L’Unione delle Comunità Ebraiche Italiane accoglie con soddisfazione l’esito della votazione sul disegno di legge in materia di contrasto all’antisemitismo e di adozione della definizione operativa dell’IHRA da parte del Senato della Repubblica, che rappresenta una vittoria per tutte le componenti della società civile non soltanto per la compagine ebraica.
Il provvedimento, approvato dopo un lungo e sofferto dibattito in aula, é il risultato di diverse iniziative parlamentari della maggioranza e dell’opposizione, che hanno saputo trovare una posizione unitaria e di sintesi, rappresenta un percorso complesso, che ha richiesto responsabilità e capacità di mediazione, e che testimonia la consapevolezza della necessità di dotare il Paese di una cornice normativa chiara e condivisa.
Esprimiamo apprezzamento per lo sforzo e la collaborazione tra i diversi protagonisti dei vari partiti che si sono attivati con spirito istituzionale. Sono stati approvati emendamenti significativi ed è stata confermata quale punto di riferimento la definizione operativa di antisemitismo dell’International Holocaust Remembrance Alliance, già adottata da numerosi Paesi anche non europei e considerata essenziale anche dalle istituzioni dell’ebraismo italiano.
L’antisemitismo non è una questione che riguarda solo gli ebrei: è un veleno strutturale della nostra società, una minaccia diretta ai principi democratici e alla convivenza civile.

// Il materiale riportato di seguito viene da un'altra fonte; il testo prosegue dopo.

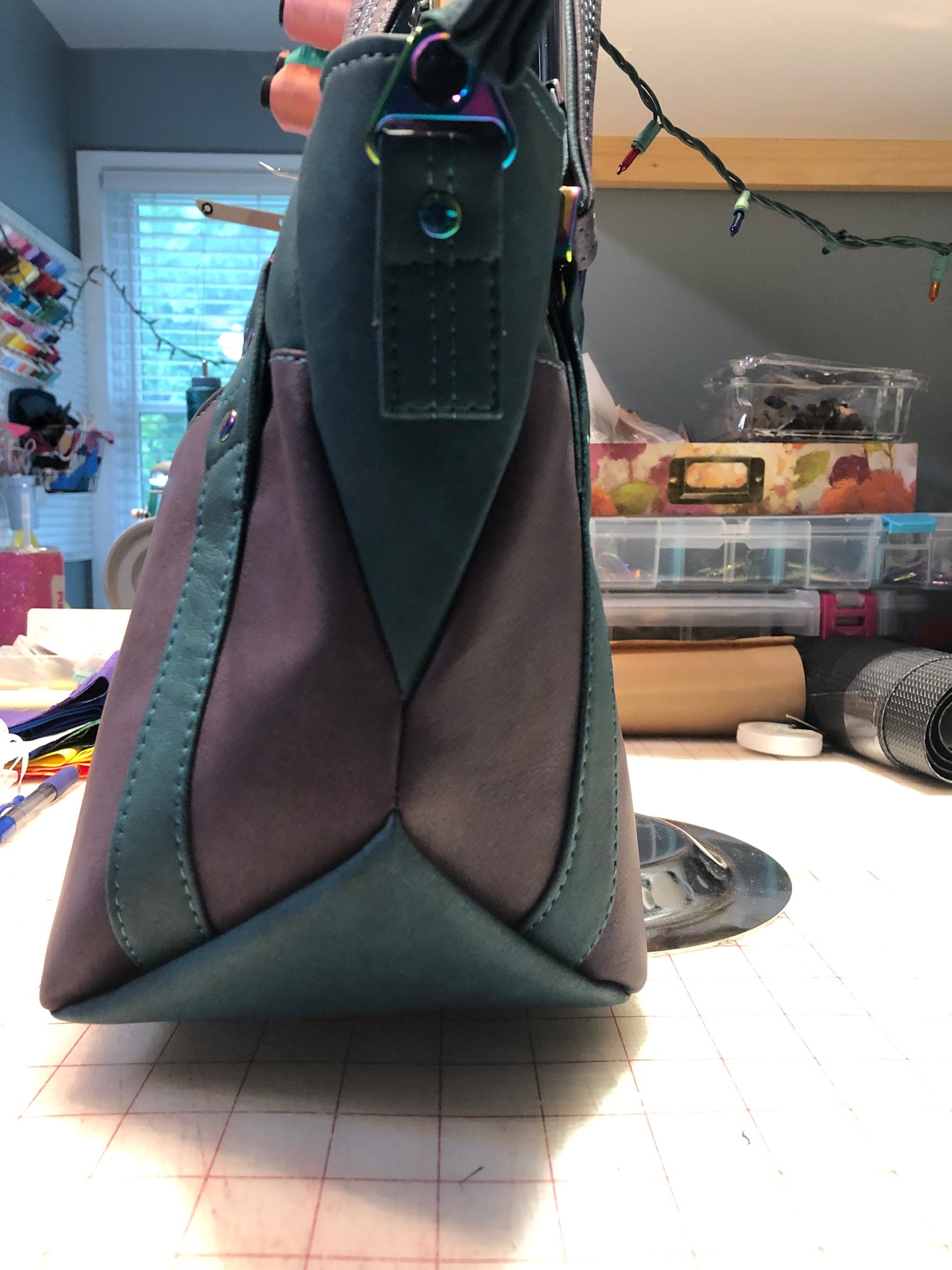 A classy handbag in two beautiful shades of dark teal and purple. There is an adjustable, detachable crossbody strap. Top handles for crook of the arm or shoulder. Exterior has two large slip pockets. Interior has a zipper pocket and two slip pockets. The two colors criss cross at the sides creating a beautiful unique pattern. Pretty lotus flower zipper pulls. At time of this listing, 5 colors available. Message me with any questions. 12” W at the Base, 15” W at the Top, 9 h 6.25 deep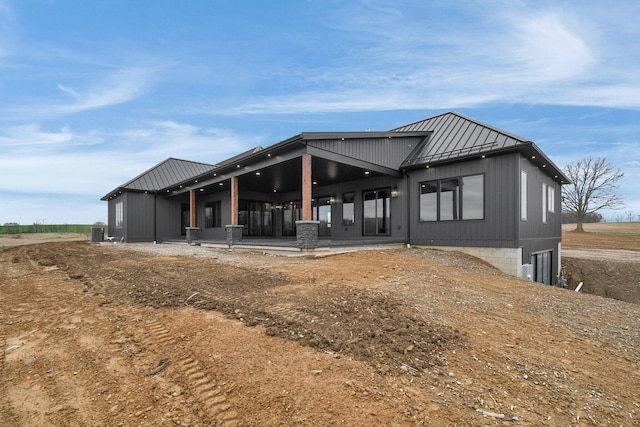 back of property featuring central air condition unit, metal roof, and a standing seam roof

In questo percorso l’UCEI ha seguito con particolare attenzione l’iter parlamentare, in costante confronto con il Coordinatore nazionale per la lotta contro l’antisemitismo, generale Angelosanto, e con la Fondazione Centro di Documentazione Ebraica Contemporanea (CDEC).
La convergenza registrata oggi, purtroppo meno ampia di quanto auspicato, rappresenta un segnale forte e inequivocabile: il contrasto all’odio antiebraico è una priorità nazionale condivisa. L’UCEI considera questo un importante punto di partenza da affiancare alle altre iniziative volte a sensibilizzare tutti i settori della società civile. Quando le istituzioni sanno parlare con una voce sola sui valori fondamentali, si rafforza l’intero sistema democratico del Paese. In attesa del passaggio finale alla Camera, ringraziamo i senatori intervenuti e per l’impegno concreto nei lavori parlamentari, il presidente del Senato La Russa, il ministro Ciriani e i senatori Balboni, Delrio, Gasparri, Gelmini, Mieli, Malan, Pirovano, Romeo e Scalfarotto.